• NASA's Mars 2020 Perseverance rover will land at the red planet's Jezero Crater on Feb. 18
  • The rover will search for possible signs of ancient life on the Martian terrain
  • Perseverance will bring back samples from Mars to Earth for further study

NASA's Mars 2020 Perseverance rover is steadily making its way to the red planet and will soon begin its search for evidence of ancient life. The Mars car has only about 50 million miles left to go before it reaches Earth's neighbor on Feb. 18.

The Perseverance rover, once it finishes its 293-million-mile journey and lands on the planet's Jezero Crater, will explore the Martian terrain that once held flowing rivers and lakes.

"We want Perseverance to help us answer the next logical question: Are there actually signs of past microbial life on Mars?" said Katie Stack Morgan, deputy project scientist at the Jet Propulsion Laboratory, in a statement on NASA's website. "This demanding goal means sending the most sophisticated robotic scientist yet to Mars."

Perseverance's search for potential signs of life will no doubt be a challenging one, thus the space agency made sure to equip the rover with cutting-edge science instruments.

These include the SHERLOC (short for Scanning Habitable Environments with Raman & Luminescence for Organics & Chemicals) and PIXL (short for Planetary Instrument for X-ray Lithochemistry). While both will play a role in the rover's search for past microbial life, SHERLOC's specialty is the detection of organic matter and minerals and PIXL will map the chemical composition of rocks and sediments.

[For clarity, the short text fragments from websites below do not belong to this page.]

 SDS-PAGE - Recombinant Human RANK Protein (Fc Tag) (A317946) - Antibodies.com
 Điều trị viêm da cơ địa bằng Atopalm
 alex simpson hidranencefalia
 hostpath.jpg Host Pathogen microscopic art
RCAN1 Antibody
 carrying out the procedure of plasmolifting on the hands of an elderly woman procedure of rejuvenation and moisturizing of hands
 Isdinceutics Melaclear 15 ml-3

These instruments will allow scientists back on Earth to analyze data at a higher level of accuracy than any other Mars rover has achieved before, NASA said.

As for why Jezero Crater was chosen as the rover's landing spot, the Perseverance science team hopes to find organic molecules and other potential signs of microbial life in the area, especially in the ancient river delta where water is believed to have flowed over 3.5 billion years ago.

As part of the team's goal to verify the existence of ancient life, Perseverance comes with a sample caching system that would help it in bringing back samples to Earth for further study. It is the first NASA rover to be equipped with the system.

Perseverance's method of gathering samples will be different from that of NASA's Curiosity as well. Unlike the latter, which uses its drill to pulverize rock, Perseverance's drill will cut intact rock cores that are about the size of a piece of chalk and place them in sample tubes until the rover reaches an appropriate drop-off location on Mars, NASA said.

Aside from the NASA rover, two other Mars missions are also scheduled to arrive on the red planet this February. These are China's Tianwen-1 mission and Hope, a weather-studying orbiter operated by the United Arab Emirates Space Agency, reported.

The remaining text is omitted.